_ACTION ITEM_: From the listing below, please restate exactly the lines beginning at the one with "Fashion Copper Necklace" and ending at the one with "Sand Dreaming Cotton", both included, and skip the pictures.

_DATASET RECORDS_:
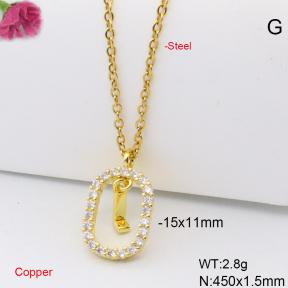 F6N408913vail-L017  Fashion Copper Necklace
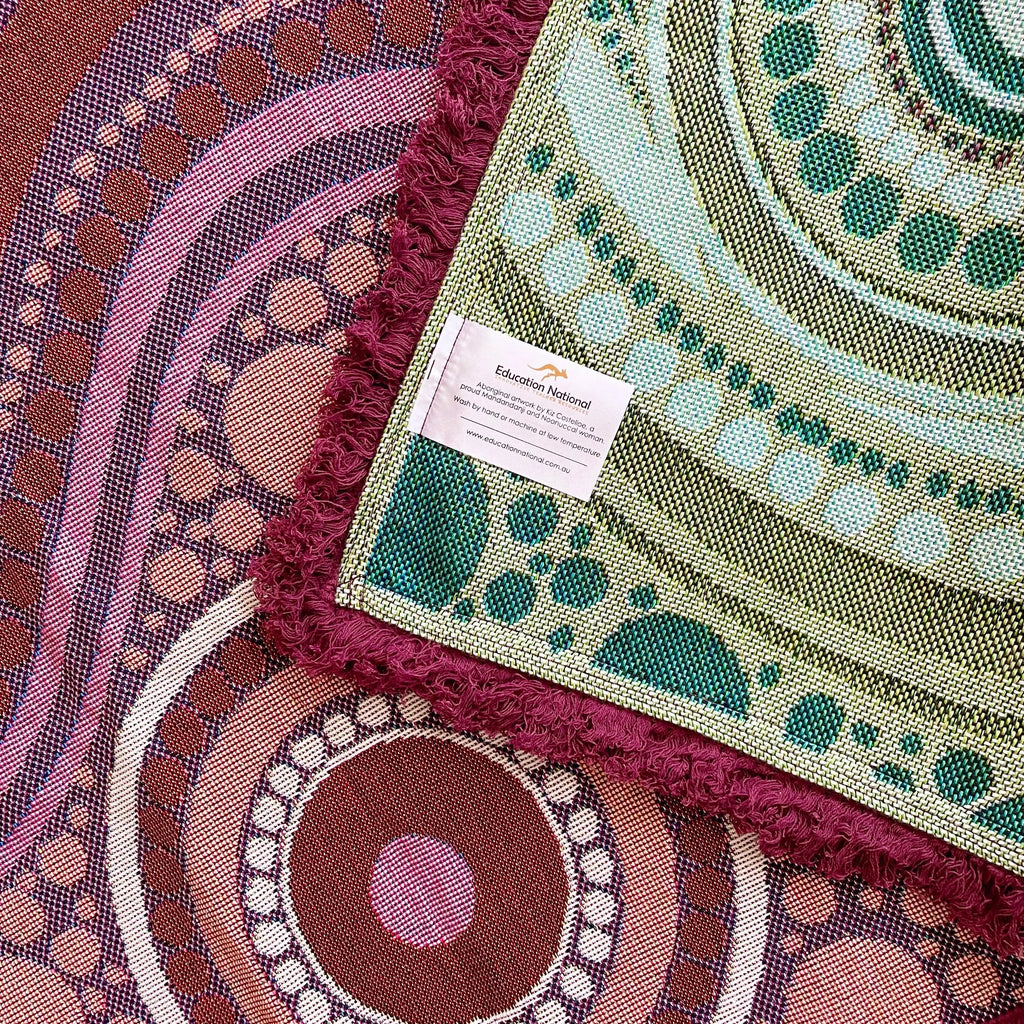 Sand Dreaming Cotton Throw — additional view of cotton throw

...

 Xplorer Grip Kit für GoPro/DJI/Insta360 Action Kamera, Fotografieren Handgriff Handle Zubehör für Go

_ANSWER SPACE_:
 F6N408913vail-L017  Fashion Copper Necklace
 Sand Dreaming Cotton Throw — additional view of cotton throw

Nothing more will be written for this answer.